Your memoir is subtitled "Explorations of Love, Sex, Fluidity." What do you mean by fluidity?
I think more than anything, fluidity is the ability to shapeshift, to not just be one thing for the rest of our lives, you know? To be able to bend and shift when necessary. We get so hung up on having to identify with one thing or another, and I think that the “fluidity” I reference in the title is the fluidity of love, the fluidity of sex.
Have you always been aware of your own gender fluidity? Do you feel like the seeds were there when you were younger? Were there experiences with individuals that kind of really helped shape your perception of how one can be as opposed to how they should be?
I think I always knew from a young age that I was open, that I was different than what was shown to me by my family and the media. But, it was only after meeting with many people, from all backgrounds—once I got out of my family’s house—that it all started to bend and shift in different ways. But it was 100% always there. But I was just taught, as so many of us are, to hate those parts of myself.
Given how visible your profile is in the public eye and the message you are sharing, do you feel that part of what you aim to do is—as with Space Between—give a jolt to the system, to open people’s eyes up?
Yes, one hundred percent. It’s art before it’s anything else. And art is supposed to evoke change and alter reality. And yes, this art is based in storytelling as a form of healing work. For me, the sexuality and gender conversation is really a metaphor for something so much bigger that’s going on in the world. And it’s a great leaping off point in 2019 on this planet because we are at still such amateur levels of understanding who we are. Even in the time I have written this book, I have changed so much. If we can begin to recognize the space between male and female—and its infinite possibilities really—then what happens to sexuality? It kind of loses its legs to stand on. It kind of becomes not real. And that’s this weird queer spiral that I’m in right now trying to figure out what that even means and how problematic of a thing that is to say in the world right now.
What is the biggest misconception that you’ve encountered about individuals that choose to identify as non-binary?
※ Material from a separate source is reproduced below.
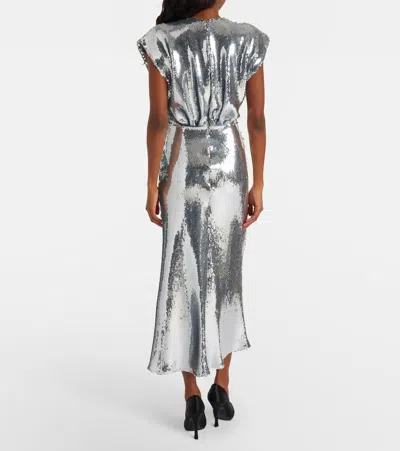 David Koma Womens Silver Blouson Sleeveless Woven Midi Dress In Metallic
And, if you have a message to those individuals, both who identify as such and those who have questions about it, what would that be?
Being non-binary is not about what we look like at all. At all, at all, at all. You do not have to look a certain way to be considered non-binary. And I thought that for a long time. But it has nothing to do with what I look like at all. That’s just one part of our gender expression. My gender is who I am on the inside, not at all what I look like or what I wear.
What do you hope readers are going to take away from the Space Between?
I hope people learn about who they are reading this book. I hope people start to change the way that they even think about sexuality and gender. I think that we really, as a community, need to start changing the language around sexuality and gender identity. And I think most importantly, most importantly, there’s a giant piece of the conversation that’s missing, and it’s spirituality. We are not rooted in any sort of spiritual connection with each other. And the ability to look in the mirror and question who you are and who you love or what you love is inherently spiritual, and we need to just start changing the language around this conversation, in a big way.
Space Between comes out today, via Penguin Random House.